Oligonucleotide primers and probes (sequences are available on request) were designed to amplify five NotI linking clones: NRL1–1 (3p21.2), NL3–001 (3p21.2–21.32), NL1–205 (3p21.2–21.32), NLJ-003 (3p21.33), and 924–021 (3p12.3). The human β-actin gene was used as a reference sequence. TaqMan probes and primers were obtained from Perkin–Elmer. Details concerning the theory and derivation of the comparative cycle threshold (CT) method (ΔΔCT method) for the quantitative assessment of target sequences has been published (ABI PRISM 7700 Sequence Detection System. User Bulletin no. 2. Relative quantitation of Gene Expression. PE Applied Biosystems, 1997).

Results and Discussion

NotI-CODE Subtraction.

The NotI-CODE technique reduces the complexity of the genome by using subtraction for only short regions surrounding NotI sites (NRs). To validate this approach, we have compared a lung carcinoma cell line, ACC-LC5, which contains a 0.7-Mb homozygously deleted region in 3p21–p22, with normal lymphocyte control DNA. It is not known whether this cell line contains homozygous deletions in other chromosomes. The “normal DNA” was not an entirely appropriate control, because it was isolated from another individual. Therefore, we may expect to clone polymorphic sequences as well as deleted regions. It is obvious from the NotI-CODE scheme that methylated NotI sites will behave as deleted NotI sites because they will not be digested. This means that this procedure will simultaneously detect genes that are either deleted or methylated.

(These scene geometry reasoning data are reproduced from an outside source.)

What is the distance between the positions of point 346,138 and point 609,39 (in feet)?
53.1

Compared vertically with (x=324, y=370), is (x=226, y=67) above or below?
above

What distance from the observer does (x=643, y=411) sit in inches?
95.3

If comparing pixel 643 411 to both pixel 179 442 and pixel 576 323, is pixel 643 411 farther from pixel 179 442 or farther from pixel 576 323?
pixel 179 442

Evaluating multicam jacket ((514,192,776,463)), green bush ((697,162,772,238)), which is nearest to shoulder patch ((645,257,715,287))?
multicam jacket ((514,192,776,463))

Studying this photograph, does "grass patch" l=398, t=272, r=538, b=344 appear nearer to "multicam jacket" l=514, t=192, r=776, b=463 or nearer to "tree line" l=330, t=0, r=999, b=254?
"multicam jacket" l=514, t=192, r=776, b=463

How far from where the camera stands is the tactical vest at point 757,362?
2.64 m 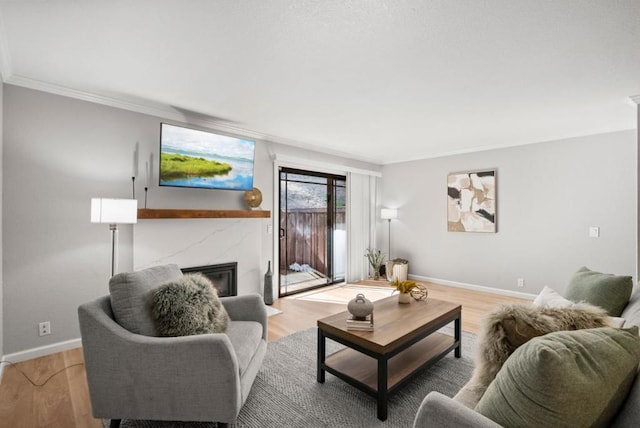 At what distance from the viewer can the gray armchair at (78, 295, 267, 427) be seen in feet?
5.16

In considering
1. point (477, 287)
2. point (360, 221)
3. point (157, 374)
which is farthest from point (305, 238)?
point (157, 374)

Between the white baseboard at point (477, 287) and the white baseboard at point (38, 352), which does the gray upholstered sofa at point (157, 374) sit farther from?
the white baseboard at point (477, 287)

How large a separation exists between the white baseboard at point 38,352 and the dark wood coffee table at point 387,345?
90.9 inches

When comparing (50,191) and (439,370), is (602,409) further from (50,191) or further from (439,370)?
(50,191)

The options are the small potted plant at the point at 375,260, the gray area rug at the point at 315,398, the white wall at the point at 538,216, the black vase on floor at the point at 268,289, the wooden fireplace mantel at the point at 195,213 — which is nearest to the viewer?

An overview of the subtractive procedure is shown in Fig. Fig.1.1. Except the first steps, it is very similar to the original CODE procedure (4).

Fig 1.
A schematic outline of the NotI-CODE subtractive procedure. N and B represent NotI and BamHI/BglII sites, respectively. Methylated NotI sites are indicated by an asterisk. UDG, uracil–DNA glycosylase.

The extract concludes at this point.